Throwback Thursday: Rough Milling Applications: Technology and Tips
When it comes to productivity gains in rough milling applications, this article examines how cutting tool technologies and strategies can play a major role and how to measure and choose the right process and solution.
Part geometry, machine tool, programming and cutting tool are the major variables that each moldmaker deals with daily and which play a factor in the approach that each company takes when processing a mold. Regarding cutting tools for roughing, the approach and tool you choose may be unique for each job. Check out these rough milling application tips shared bby Iscar in this 2008 article:
Plunge Milling. Plunge milling has been around for a long time and can be the most consistent form of high metal removal, especially on older machines incapable of operating at high feedrates. This consistency is a result of efficient toolpaths, as there is little wasted tool motion when compared to more common methods of machining when part geometry forces the cutter into many directional changes (e.g., Z level).
Center cutting plungers exist, but the most recent advancements come in the form of side plungers. Programming solutions to support plunge milling is an area of recent improvements for many CAD/CAM companies, and good solutions exist for plunge milling of 3-D geometries, as well as 2-D.
On the product side, advanced pressing technologies have allowed the creation of inserts with more positive geometry, which reduces cutting and bending forces and allows plunging to be performed (for the most part) without the need for angular retracts.
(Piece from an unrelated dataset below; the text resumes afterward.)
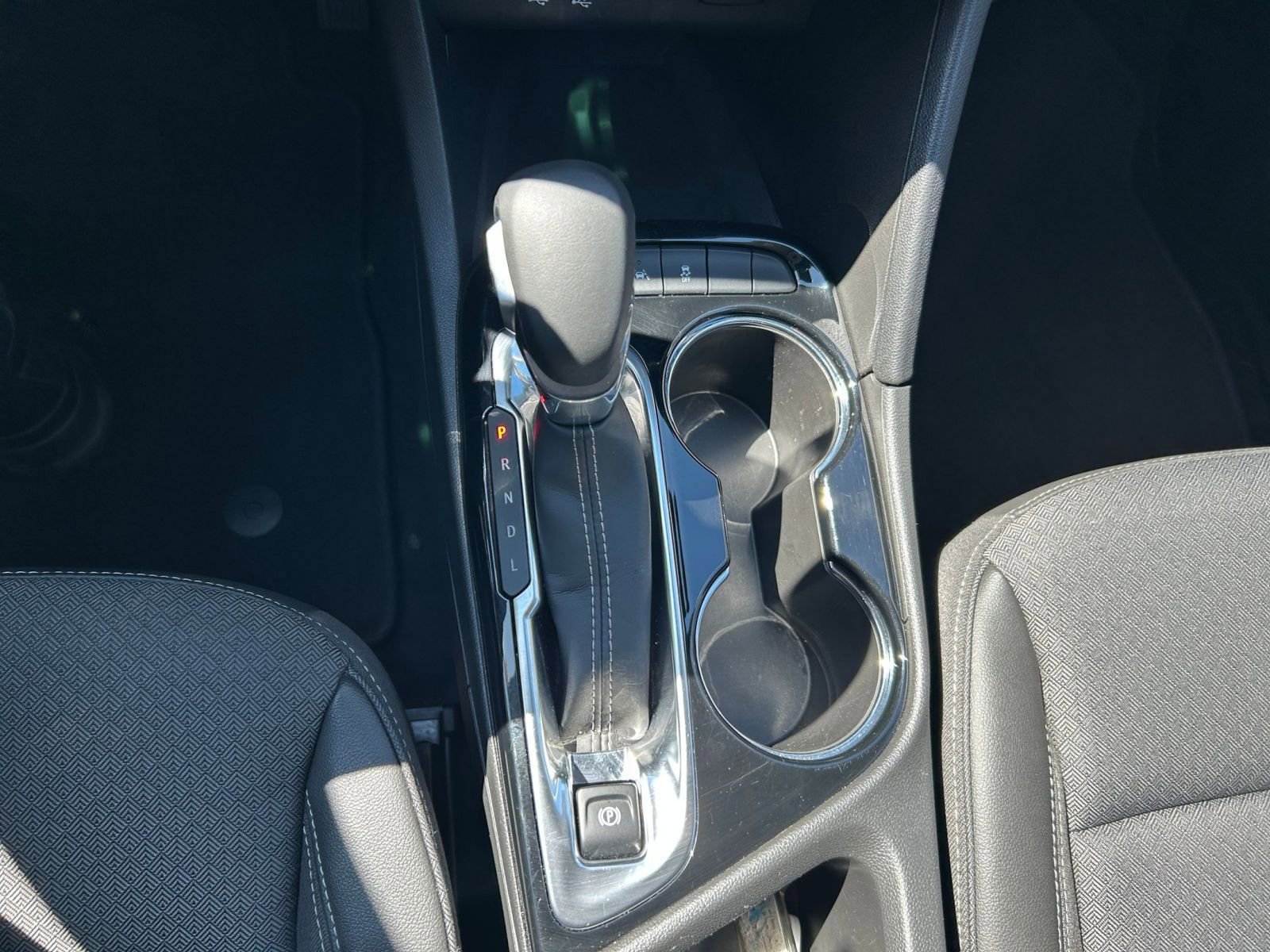 Used 2025 Buick Encore GX Preferred image 36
This saves time and intensive programming, allowing operators to use canned drilling cycles for plunging. Tangential designs provide increased strength with an insert having four edges for enhanced cost benefit.
Shred Milling. Anti-vibration milling cutters are a solution provider when vibrations and unfavorable conditions are encountered (long reach, unstable fixture, chip removal issues, machine power limitations). This technology is also nothing new, but it is an area that has been improved upon with positioning accuracy of the insert (to avoid feed overload from one tooth to the next) and a variety of insert (pressed and ground) geometries enabling the user to customize the tool to the application/material at hand. Usually, when faced with poor cutting conditions, the parameters are reduced to enable the completion of the part.
Other costly solutions include purchasing vibration dampening toolholders and coarse pitch cutters. With anti-vibration milling cutters, the wave design of the cutting edge creates small serrated chips, which are lighter and easier to evacuate from the cutting zone. The design also reduces cutting forces and breaks up harmonics (vibrations) that are common, especially in long reach applications.
High-Feed Milling. High-feed milling is the most universal approach to increased metal removal rates in roughing. High-feed type cutters have also been around now for quite some time, although many companies still have not experimented with the approach. For moldmaking, the high-feed approach in 3-D applications works very well because the small depth-of-cut characteristics leave small scallop heights (leftover material) for subsequent operations while maintaining a very high metal removal rate.
There has been a huge demand for cutting tools with high-feed geometry and this has led to the development of a wide range of tools, from solid carbide tools in smaller diameters (1/8" to 5/16") to the indexable tools ranging from 5/16" all the way up to 6” in diameter. This is also an area where advancements in pressing technology has enabled the creation of double-sided inserts that reduce cutting forces, while offering twice the number of cutting edges for enhanced cost savings (six edges per insert).